As we cannot merge PRs with any failures, it makes sense to stop all checks on the first failure. - ❓ this statement is outdated as well

Felixoid · 2023-08-11T16:24:47Z

Here's my opinions regarding the action points from the previous comment:

1-3, 6 are pretty good ideas and should be implemented in the PRInfo and used in scripts.
4 is rather an administrative action and will just be worked around, so I don't see a point.
5 won't affect costs as it was reviewed a year ago. Our computing costs are pretty well optimized. The main goal is to reduce running and rerunning.
7 looks promising if it will allow us to reduce testing runs.
8 looks good from the idea perspective.
9 looks very controversial. Rather it's good to look at Reorder the PR jobs' tree to fail early and not launch heavy/long tests action point at the top.

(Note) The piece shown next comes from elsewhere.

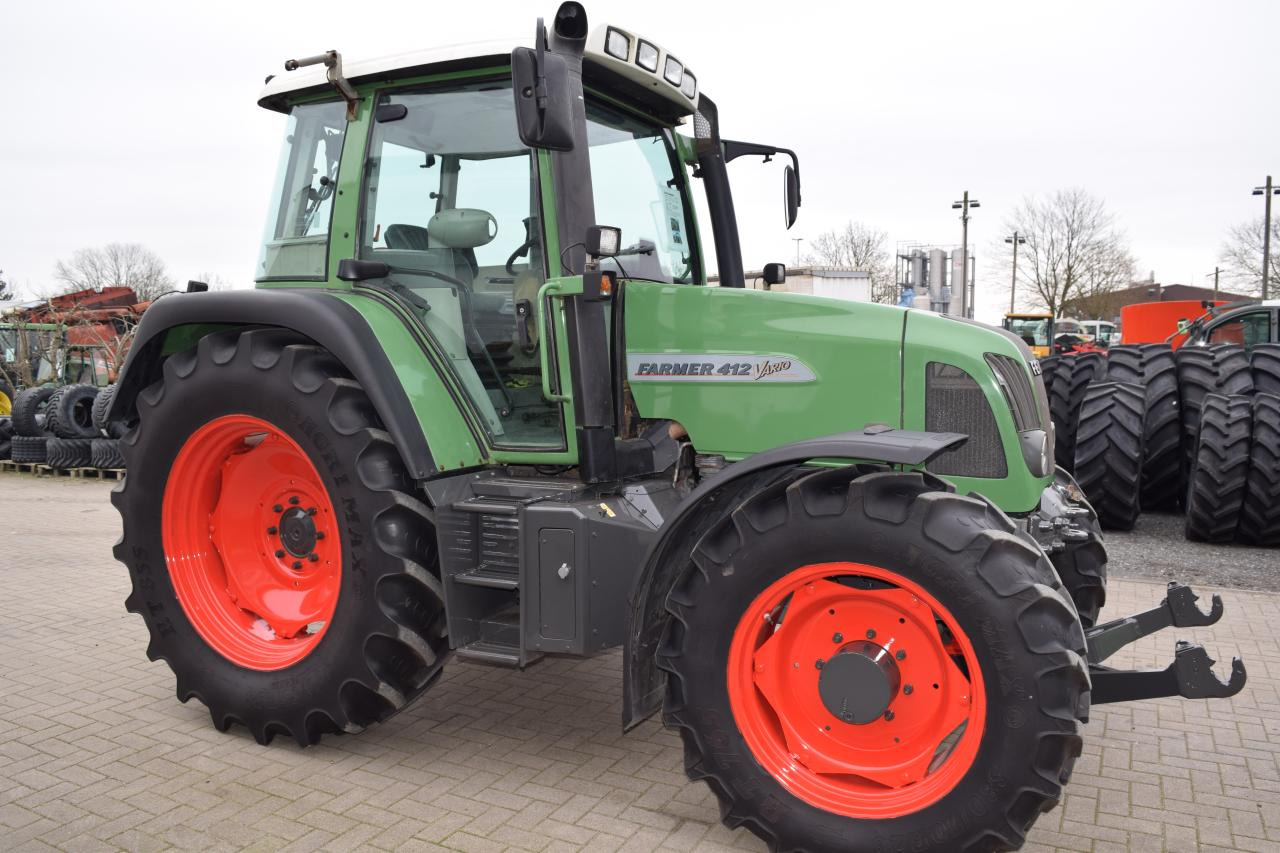 Fendt 412 Vario - Traktor: obrázok 2 Fendt 412 Vario - Traktor: obrázok 2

alexey-milovidov · 2023-08-13T03:14:50Z

If a check has failed in the previous commits, run it and its dependencies first, and stop the runs if it has failed again.

Felixoid · 2023-08-14T08:36:38Z

If a check has failed in the previous commits, run it and its dependencies first, and stop the runs if it has failed again.

I assume you speak about workflows' jobs. If so, we have zero control over the queue. Nothing we can do here while we use GH actions. And the tree is a static dict described in .githug/workflows/*.yaml files.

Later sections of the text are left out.